**EXERCISE**
Return the data below unchanged. Drop any pictures.
────────────────────────────────────────
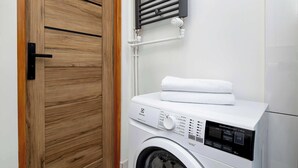 Ein moderner Waschraum mit einer Waschmaschine mit Frontlader, einer Holztür und einem Handtuchhalter.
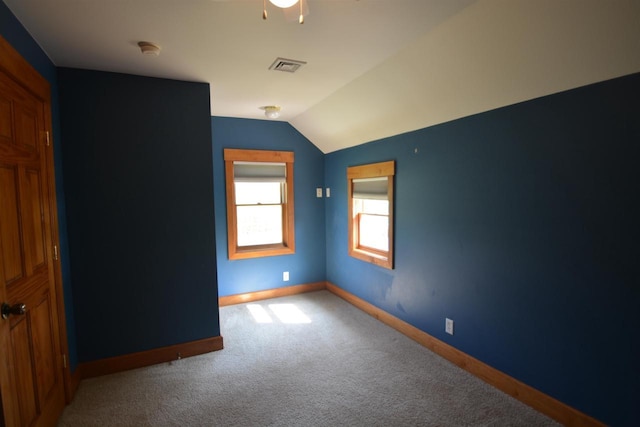 carpeted spare room featuring vaulted ceiling, baseboards, and visible vents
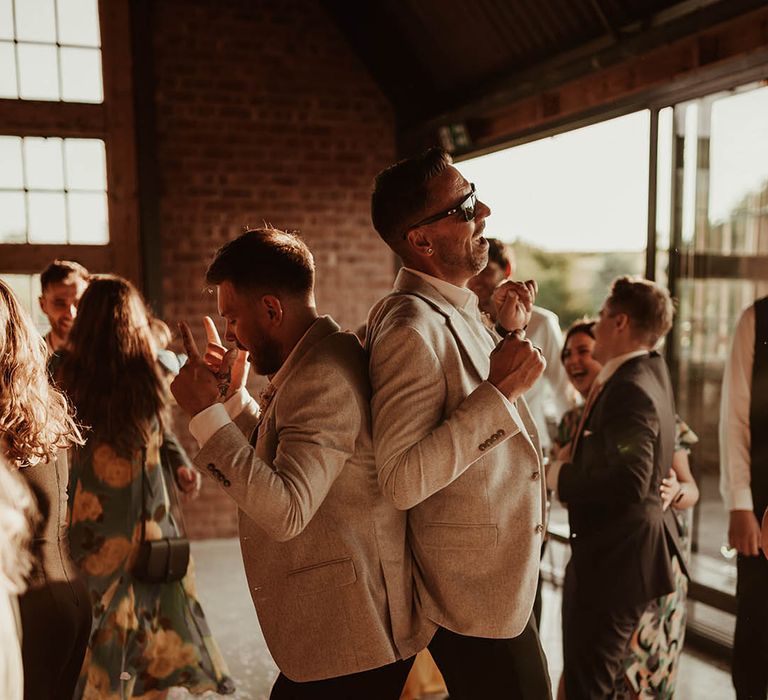 Groom and groomsmen in matching stone suits dancing together at The Giraffe Shed industrial wedding venue 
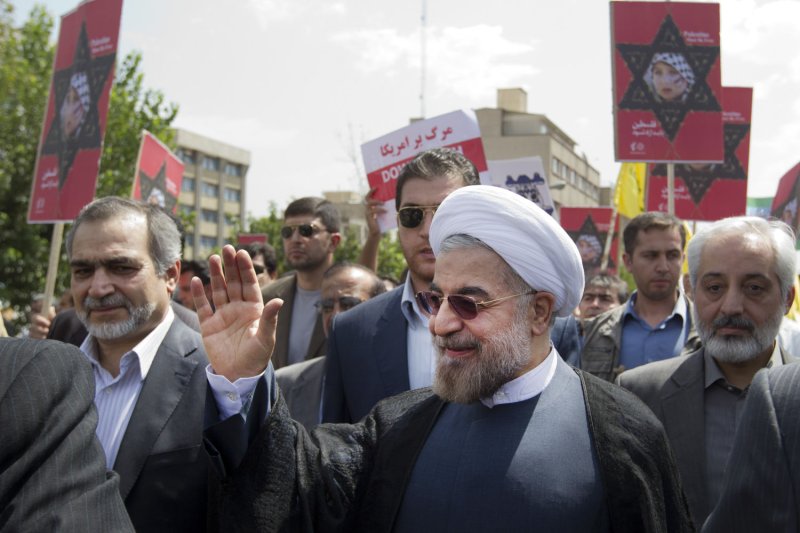 Iran's newly elected president Hassan Rouhani (C) attends a Jerusalem Day (al-Quds Day) rally on August 2, 2013 in Tehran, Iran. Islamic states mark the annual even on the last Friday of the holy month of Ramadan. UPI/Maryam Rahmanian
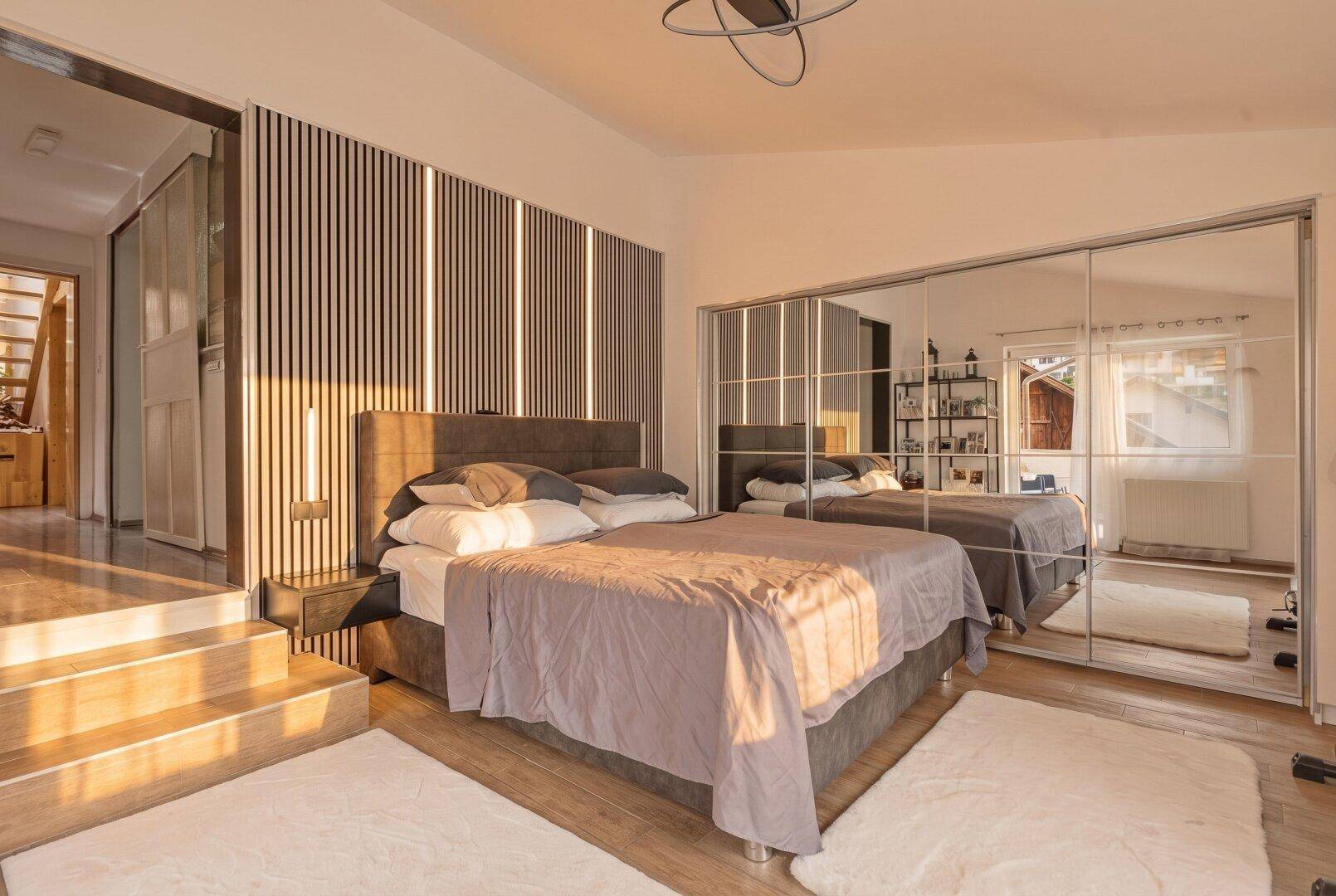 Gemütliches Schlafzimmer mit großem Bett, Spiegelschränken und Holzboden.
────────────────────────────────────────
**EXERCISE RESPONSE**
 Ein moderner Waschraum mit einer Waschmaschine mit Frontlader, einer Holztür und einem Handtuchhalter.
 carpeted spare room featuring vaulted ceiling, baseboards, and visible vents
 Groom and groomsmen in matching stone suits dancing together at The Giraffe Shed industrial wedding venue 
 Iran's newly elected president Hassan Rouhani (C) attends a Jerusalem Day (al-Quds Day) rally on August 2, 2013 in Tehran, Iran. Islamic states mark the annual even on the last Friday of the holy month of Ramadan. UPI/Maryam Rahmanian
 Gemütliches Schlafzimmer mit großem Bett, Spiegelschränken und Holzboden.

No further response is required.